= Beginning of Section =
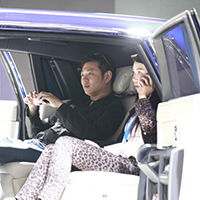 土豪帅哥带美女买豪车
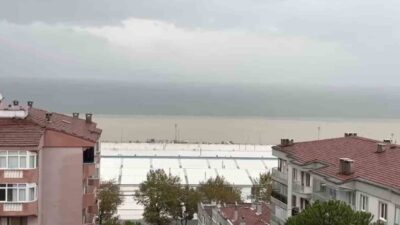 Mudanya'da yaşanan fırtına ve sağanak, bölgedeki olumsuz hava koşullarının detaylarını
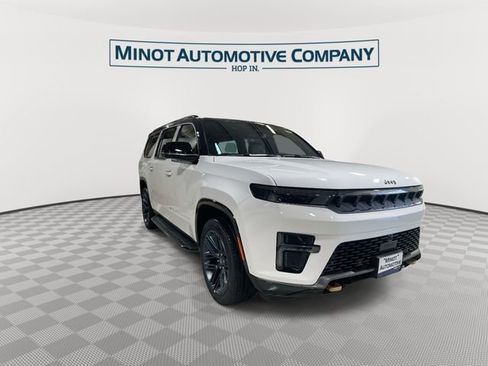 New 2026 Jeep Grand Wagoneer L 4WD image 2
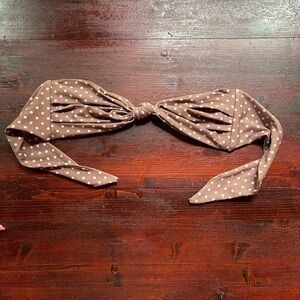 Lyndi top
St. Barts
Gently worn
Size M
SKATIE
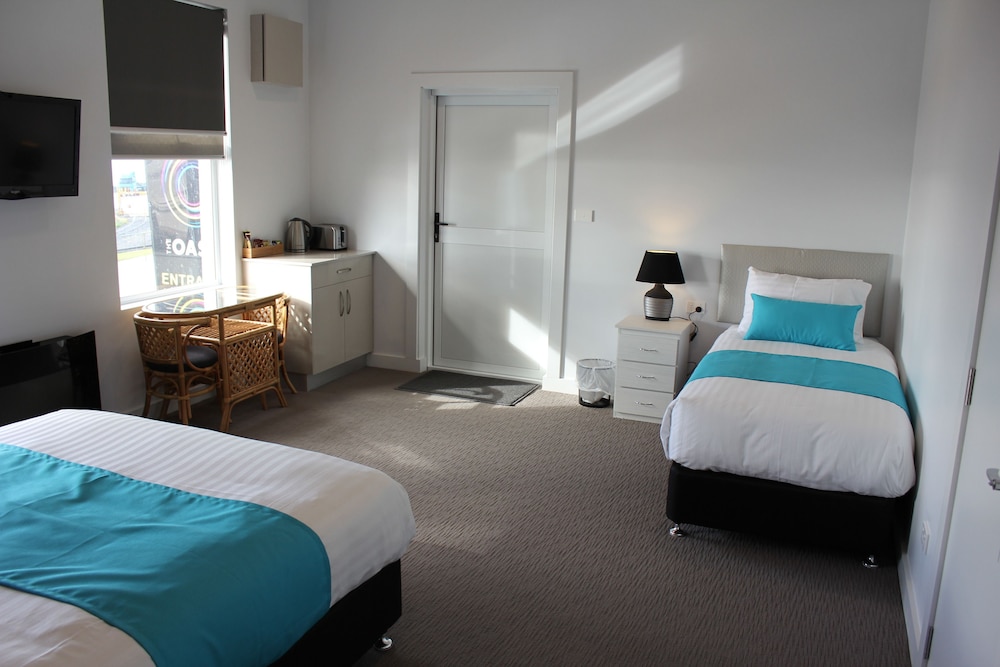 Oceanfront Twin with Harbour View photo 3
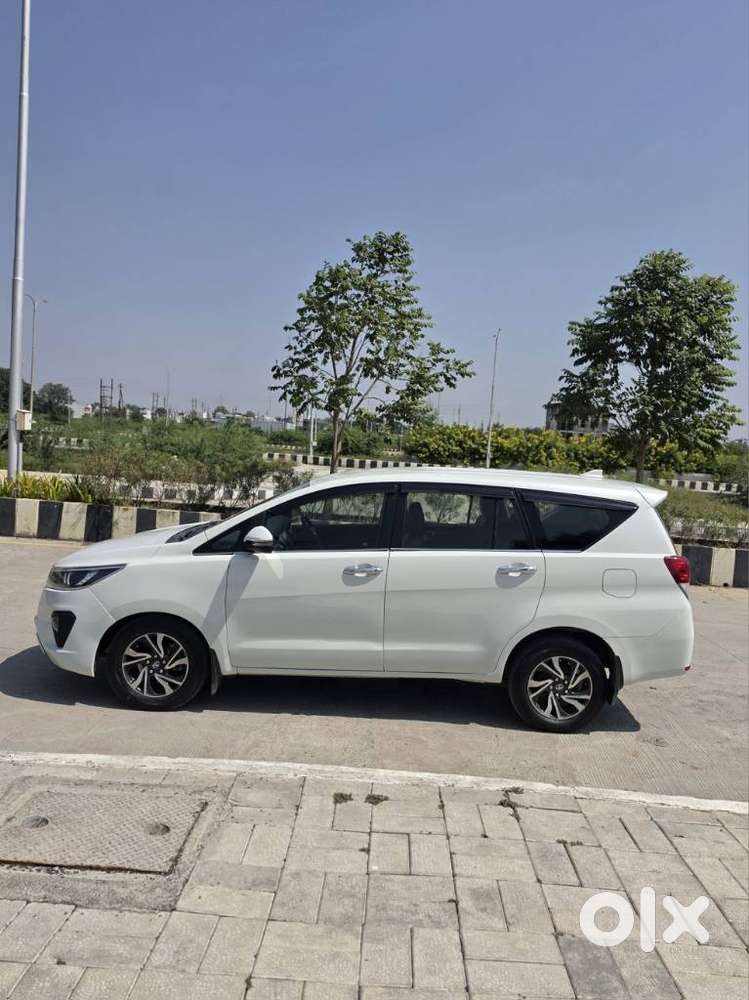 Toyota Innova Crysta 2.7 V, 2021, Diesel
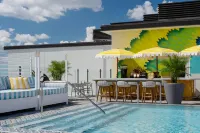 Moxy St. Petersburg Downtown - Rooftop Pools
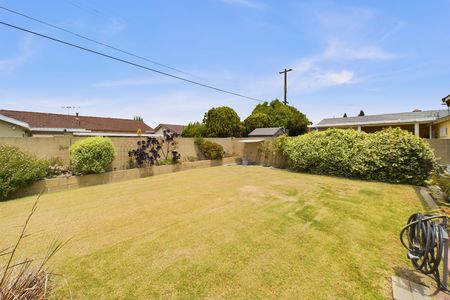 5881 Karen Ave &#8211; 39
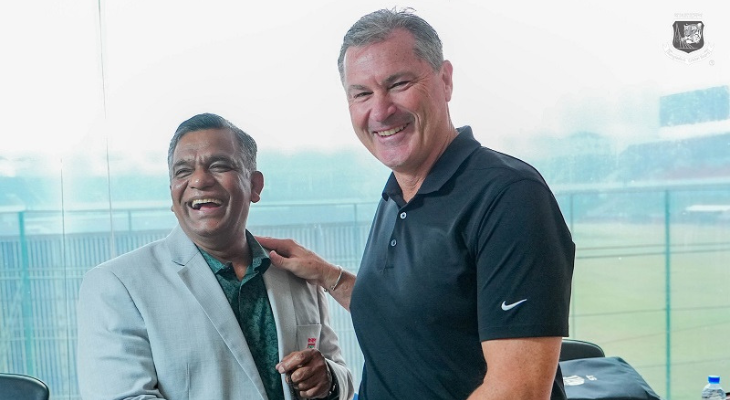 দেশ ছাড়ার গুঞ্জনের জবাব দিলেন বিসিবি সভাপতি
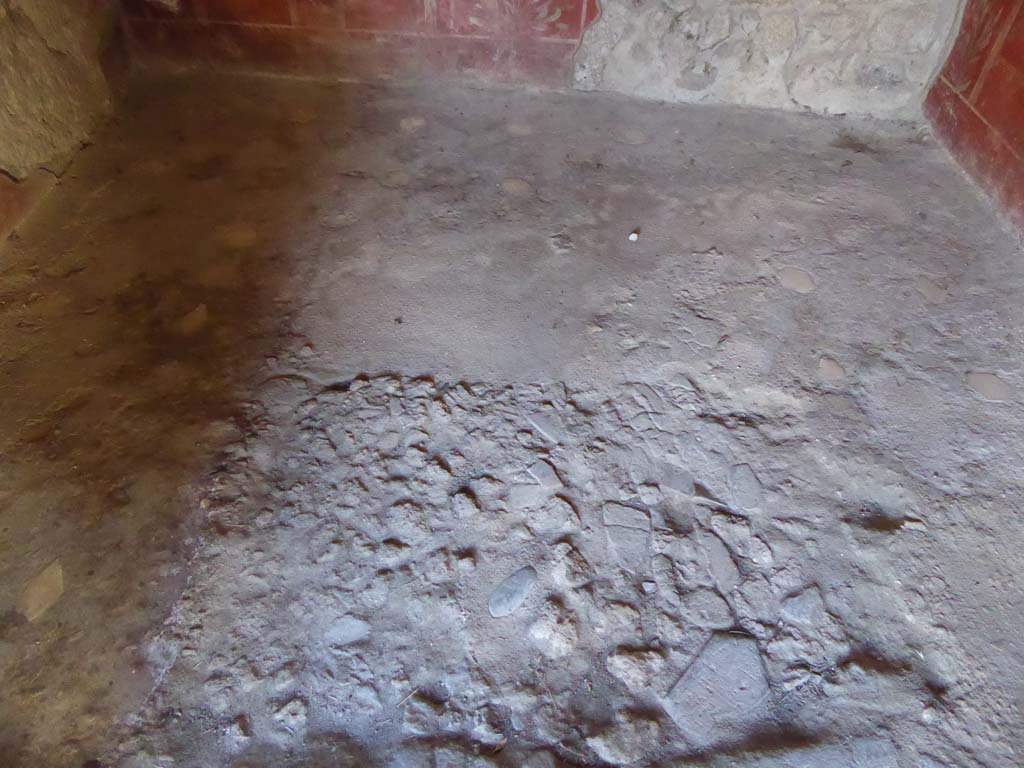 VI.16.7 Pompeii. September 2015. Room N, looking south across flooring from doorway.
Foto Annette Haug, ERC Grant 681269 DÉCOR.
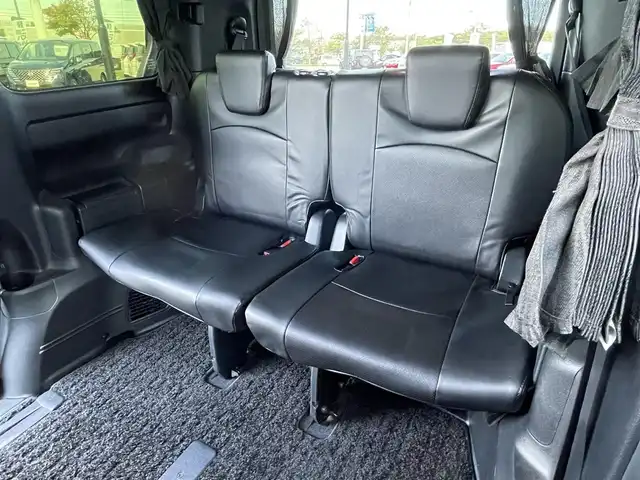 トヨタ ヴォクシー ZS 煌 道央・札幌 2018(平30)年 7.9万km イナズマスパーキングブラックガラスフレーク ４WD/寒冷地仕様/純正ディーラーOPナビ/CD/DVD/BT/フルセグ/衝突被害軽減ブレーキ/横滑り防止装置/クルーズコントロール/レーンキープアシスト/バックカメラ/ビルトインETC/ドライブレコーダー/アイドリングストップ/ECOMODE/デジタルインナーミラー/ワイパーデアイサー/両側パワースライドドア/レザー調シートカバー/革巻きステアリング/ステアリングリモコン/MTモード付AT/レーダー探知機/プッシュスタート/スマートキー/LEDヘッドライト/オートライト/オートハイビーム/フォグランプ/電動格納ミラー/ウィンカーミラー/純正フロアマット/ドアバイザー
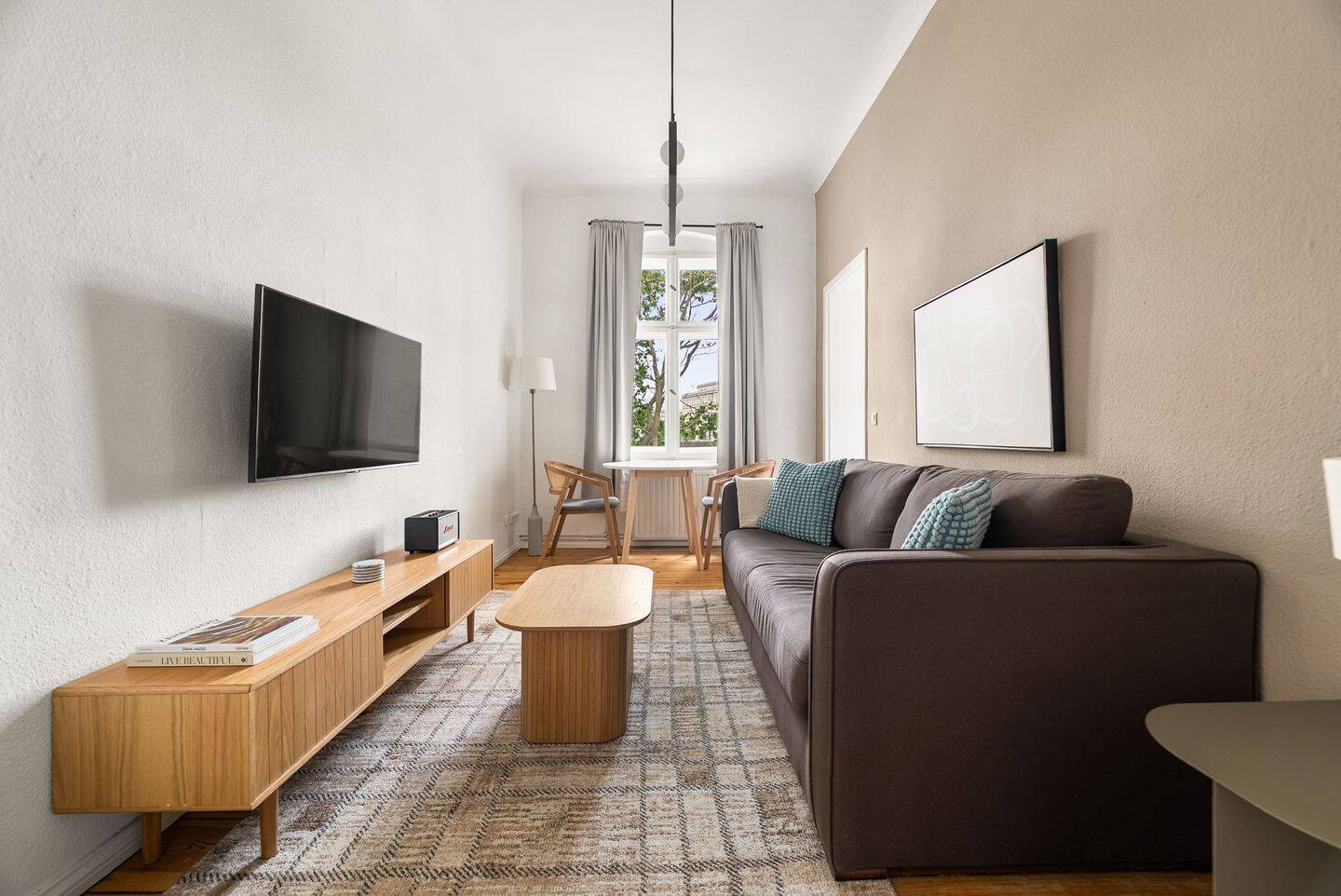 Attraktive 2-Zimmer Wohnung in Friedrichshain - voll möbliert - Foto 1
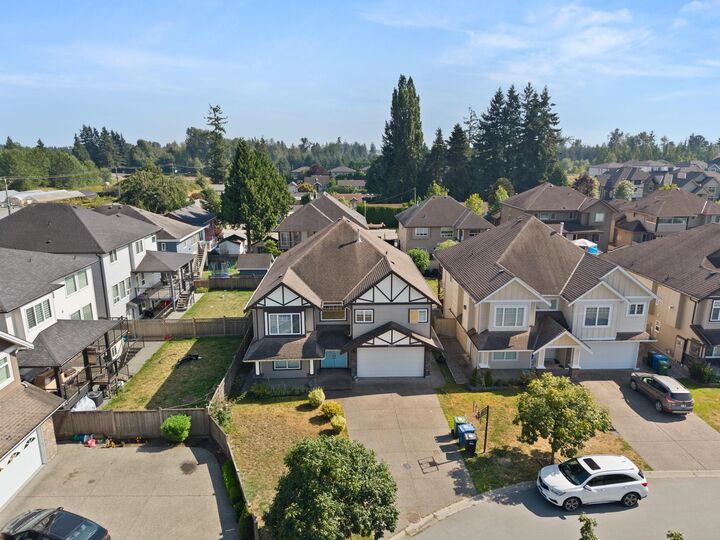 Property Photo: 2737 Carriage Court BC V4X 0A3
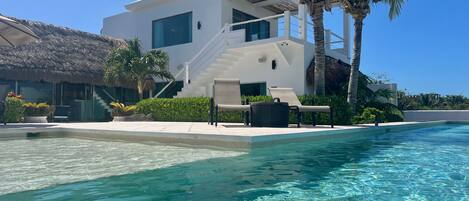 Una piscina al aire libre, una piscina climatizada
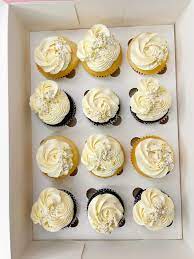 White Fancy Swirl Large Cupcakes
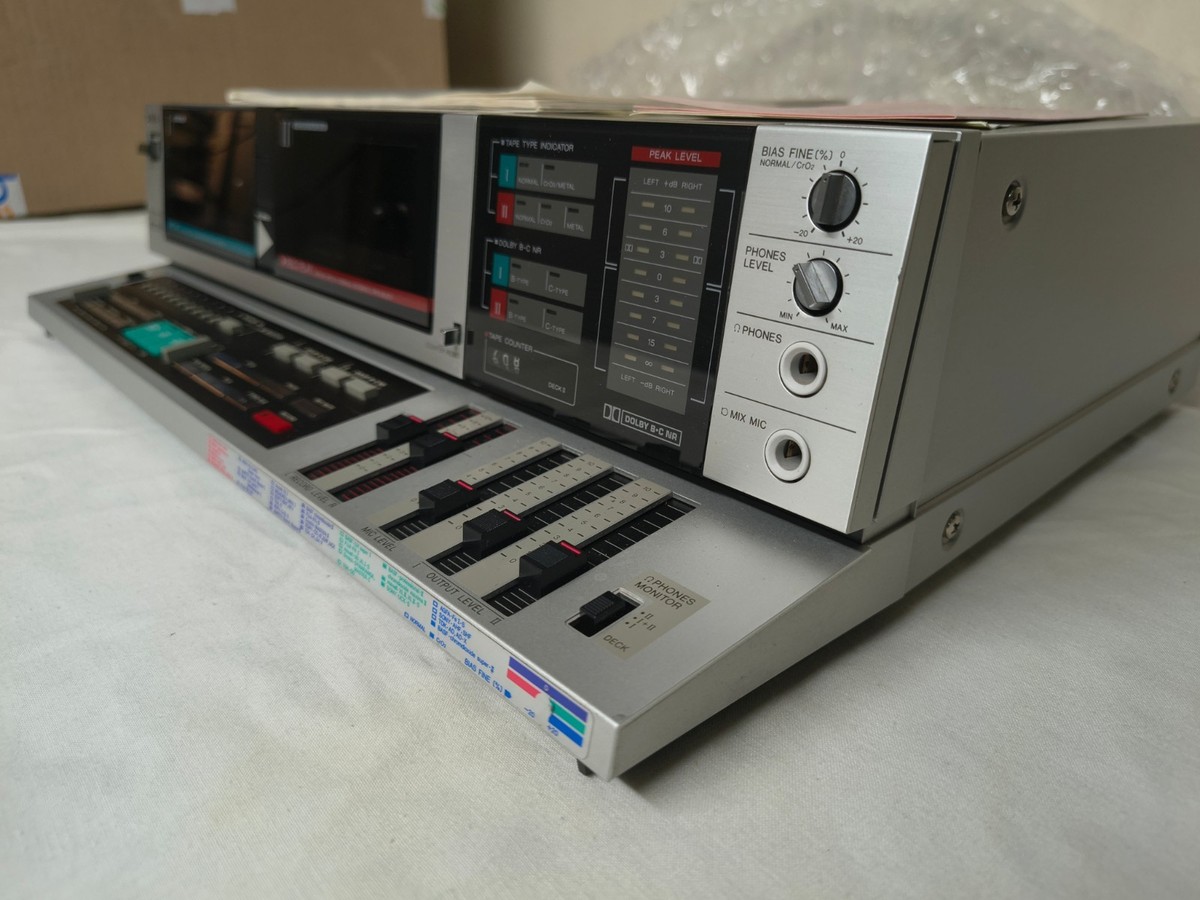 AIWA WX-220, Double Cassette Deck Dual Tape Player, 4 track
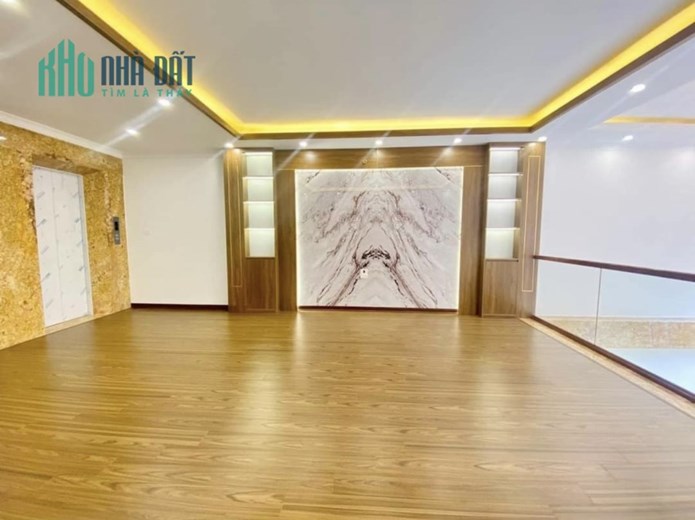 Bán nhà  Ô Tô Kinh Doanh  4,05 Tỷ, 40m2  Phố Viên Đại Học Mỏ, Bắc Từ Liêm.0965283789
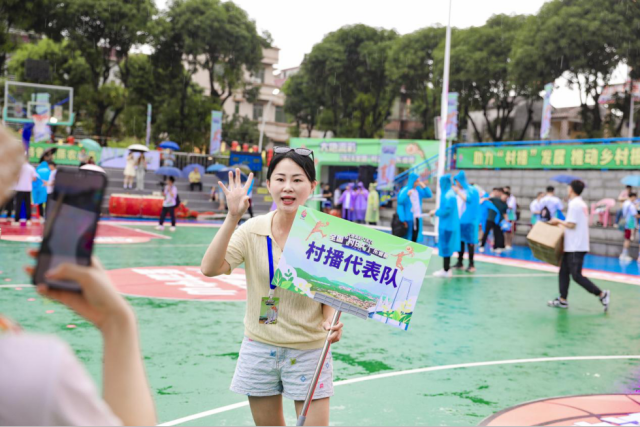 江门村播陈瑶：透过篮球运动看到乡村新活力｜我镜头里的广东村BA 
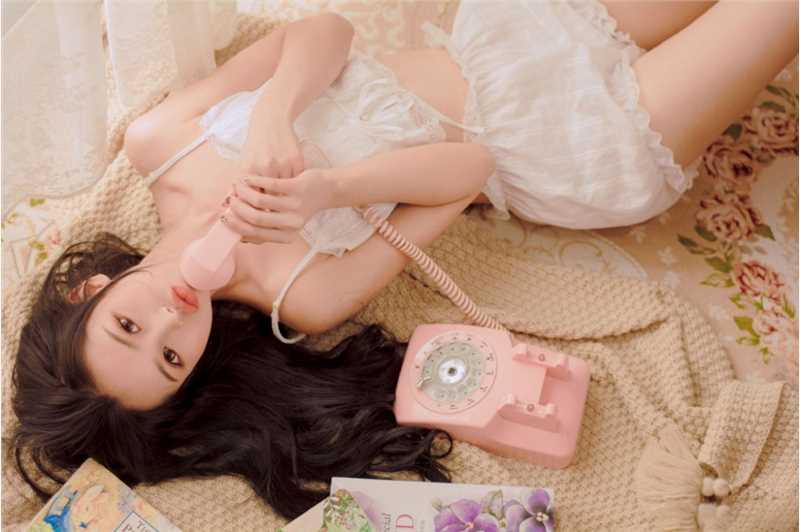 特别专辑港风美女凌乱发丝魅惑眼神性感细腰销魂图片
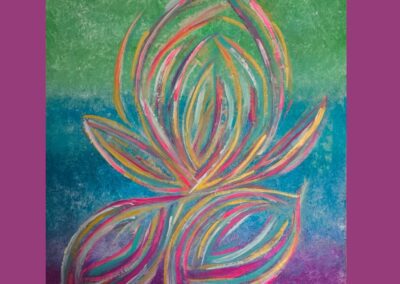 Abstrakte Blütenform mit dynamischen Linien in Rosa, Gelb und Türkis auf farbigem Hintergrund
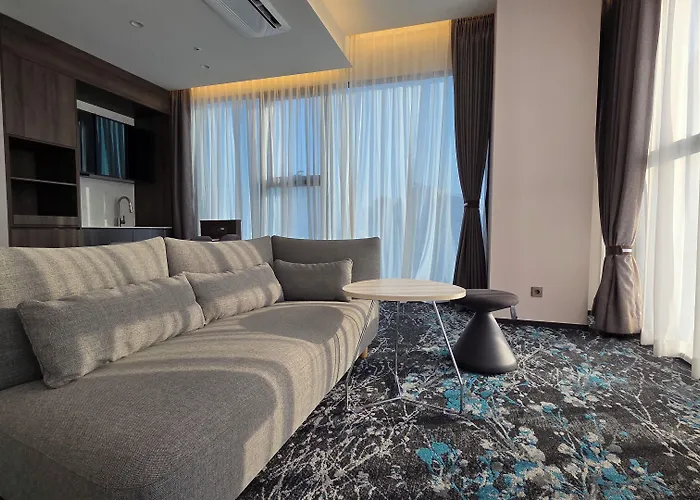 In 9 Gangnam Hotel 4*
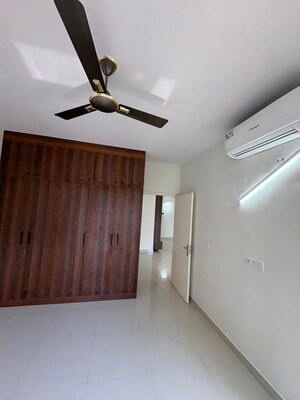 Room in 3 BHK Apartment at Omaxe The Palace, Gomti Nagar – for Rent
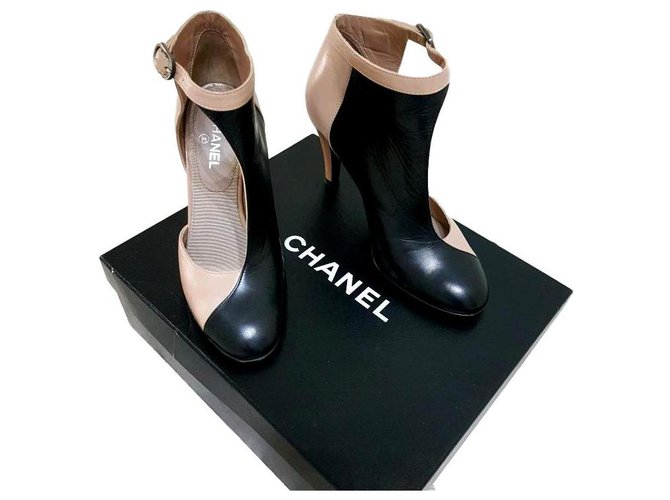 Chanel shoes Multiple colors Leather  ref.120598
= End of Section =
Problem requirements: The lines wanted run from the one with "AIWA WX-220, Double" through the final line of the data; repeat them word for word and skip every picture.

Solution:
 AIWA WX-220, Double Cassette Deck Dual Tape Player, 4 track
 Bán nhà  Ô Tô Kinh Doanh  4,05 Tỷ, 40m2  Phố Viên Đại Học Mỏ, Bắc Từ Liêm.0965283789
 江门村播陈瑶：透过篮球运动看到乡村新活力｜我镜头里的广东村BA 
 特别专辑港风美女凌乱发丝魅惑眼神性感细腰销魂图片
 Abstrakte Blütenform mit dynamischen Linien in Rosa, Gelb und Türkis auf farbigem Hintergrund
 In 9 Gangnam Hotel 4*
 Room in 3 BHK Apartment at Omaxe The Palace, Gomti Nagar – for Rent
 Chanel shoes Multiple colors Leather  ref.120598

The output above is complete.